Rediff.com’s Vicky Nanjappa takes a fresh look at the Ishrat Jahan encounter case in light of the CBI filing its charge sheet.
The Central Bureau of Investigation filed its first charge sheet in the Ishrat Jahan case on Wednesday and the salient point that the agency made was the encounter was staged or fake.
The CBI says that it would file an additional charge sheet in a month’s time bringing out more names the involved persons, but it may remain silent on a key factor and that is whether Ishrat and her three other accomplices were Lashkar-e-Tayiba operatives or not.
Although the CBI states that it would go into this aspect as well, it appears unlikely that it would do so, since it does not have that brief from the Gujarat high court.
The other missing crucial aspect to the charge sheet is the motive behind the encounter, which the CBI claims is fake. Although this point may not even come up, sources tell rediff.com that it had become a case of over-enthusiasm by the Gujarat police.
Several years back, the Gujarat police had started to play a proactive role in dealing with terrorism. Very often, the administration had accused the Congress-ruled states of not acting against terror and soft peddling on the issue. The Gujarat police were seen literally all over the country probing or helping probe terror-related cases.
The classic case was in Andhra Pradesh where it assisted the police of that state crack down on some local elements. The Haren Pandya murder and the Sohrabbudin Sheikh encounter cases had a Gujarat angle to it.
These sorts of incidents even led to several locals in Hyderabad saying, “Gujarat police is the Andhra Pradesh police.”
The Gujarat administration was very clear that it would not tolerate any terror activities. So, the police had a lot support dealing with such activities. Some officers were a bit too enthusiastic about pleasing the administration, and this led to operations which were not carried out as they ought to have been. This is what could have happened in the Ishrat Jahan case, CBI sources point out.
Former Chief of the Research and Analysis Wing, C D Sahay explains that the CBI would not investigate the Lashkar angle. “This is only because they have no such directive from the high court,” he says.
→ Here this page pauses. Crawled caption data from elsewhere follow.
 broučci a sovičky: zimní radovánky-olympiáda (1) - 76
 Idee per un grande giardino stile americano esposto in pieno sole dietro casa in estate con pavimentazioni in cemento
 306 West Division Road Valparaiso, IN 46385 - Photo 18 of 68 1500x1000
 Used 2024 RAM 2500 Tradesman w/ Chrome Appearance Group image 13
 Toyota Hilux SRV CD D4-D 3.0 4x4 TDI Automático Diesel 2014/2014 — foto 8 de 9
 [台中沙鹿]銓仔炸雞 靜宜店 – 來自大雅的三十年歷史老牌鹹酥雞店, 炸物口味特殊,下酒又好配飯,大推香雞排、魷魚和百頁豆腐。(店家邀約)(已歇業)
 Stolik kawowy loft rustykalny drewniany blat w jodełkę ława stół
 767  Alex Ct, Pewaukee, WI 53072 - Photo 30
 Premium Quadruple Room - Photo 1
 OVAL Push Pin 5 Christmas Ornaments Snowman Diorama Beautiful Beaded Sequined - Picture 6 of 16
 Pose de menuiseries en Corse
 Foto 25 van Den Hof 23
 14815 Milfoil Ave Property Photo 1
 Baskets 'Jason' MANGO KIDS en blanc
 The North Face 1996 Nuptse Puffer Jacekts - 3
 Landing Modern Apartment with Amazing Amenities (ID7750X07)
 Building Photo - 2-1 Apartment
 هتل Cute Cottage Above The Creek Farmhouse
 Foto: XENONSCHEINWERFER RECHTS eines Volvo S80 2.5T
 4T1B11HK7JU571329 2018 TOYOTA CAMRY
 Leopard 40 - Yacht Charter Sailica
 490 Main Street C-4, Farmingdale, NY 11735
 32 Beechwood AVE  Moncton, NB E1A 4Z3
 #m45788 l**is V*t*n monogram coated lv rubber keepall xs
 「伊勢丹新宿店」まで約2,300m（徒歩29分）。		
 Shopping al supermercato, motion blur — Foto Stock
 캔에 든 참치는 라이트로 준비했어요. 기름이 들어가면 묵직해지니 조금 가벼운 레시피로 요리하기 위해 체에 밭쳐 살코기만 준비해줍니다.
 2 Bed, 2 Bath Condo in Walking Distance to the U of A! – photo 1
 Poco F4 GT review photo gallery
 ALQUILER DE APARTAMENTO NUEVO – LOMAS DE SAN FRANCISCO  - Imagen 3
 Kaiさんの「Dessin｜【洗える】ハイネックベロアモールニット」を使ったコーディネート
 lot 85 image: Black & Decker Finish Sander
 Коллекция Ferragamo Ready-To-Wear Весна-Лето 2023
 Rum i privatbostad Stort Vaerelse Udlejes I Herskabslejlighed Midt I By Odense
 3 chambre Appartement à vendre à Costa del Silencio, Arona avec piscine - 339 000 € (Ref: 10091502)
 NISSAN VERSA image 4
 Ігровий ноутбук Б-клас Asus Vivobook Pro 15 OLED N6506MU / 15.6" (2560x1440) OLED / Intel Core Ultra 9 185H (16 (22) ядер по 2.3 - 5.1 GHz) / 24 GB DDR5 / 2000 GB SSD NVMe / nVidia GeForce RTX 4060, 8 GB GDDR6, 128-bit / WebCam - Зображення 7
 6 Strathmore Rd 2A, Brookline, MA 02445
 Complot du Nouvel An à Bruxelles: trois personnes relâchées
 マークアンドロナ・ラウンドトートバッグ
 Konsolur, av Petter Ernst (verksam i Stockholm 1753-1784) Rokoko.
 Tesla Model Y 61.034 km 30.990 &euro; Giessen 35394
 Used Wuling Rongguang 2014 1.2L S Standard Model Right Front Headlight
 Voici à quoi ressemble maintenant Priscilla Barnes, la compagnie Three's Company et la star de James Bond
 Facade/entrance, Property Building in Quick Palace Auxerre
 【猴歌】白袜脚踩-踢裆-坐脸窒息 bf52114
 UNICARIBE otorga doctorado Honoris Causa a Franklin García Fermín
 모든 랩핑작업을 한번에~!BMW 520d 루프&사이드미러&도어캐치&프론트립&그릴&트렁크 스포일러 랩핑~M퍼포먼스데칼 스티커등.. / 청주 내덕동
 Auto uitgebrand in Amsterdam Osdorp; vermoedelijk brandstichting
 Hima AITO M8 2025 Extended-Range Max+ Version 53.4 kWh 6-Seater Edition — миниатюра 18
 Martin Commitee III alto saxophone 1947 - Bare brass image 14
Sahay, however, while explaining how encounters ought to be carried out, says, “We follow the British system, and in many cases, it appears as though police officials have gone the American Federal Bureau of Investigation way which is clear -- first shoot, and then talk.”
“There is a procedure involved. First a trap needs to be laid and then the target is neutralised. Officers need to identify the accused first, give an opportunity to speak and seek identification. In case guns are drawn, they have the permission to shoot,” he says.
“It is a different matter in Jammu and Kashmir where the army or police deals with Pakistan nationals. That is more of a war zone, and such a procedure cannot be followed, as those persons are sent to kill,” he adds.
Moreover, in cases which are sought to be mobilised based on an alert, Sahay says that there needs to be a lot of consultation and coordination with the intelligence agencies.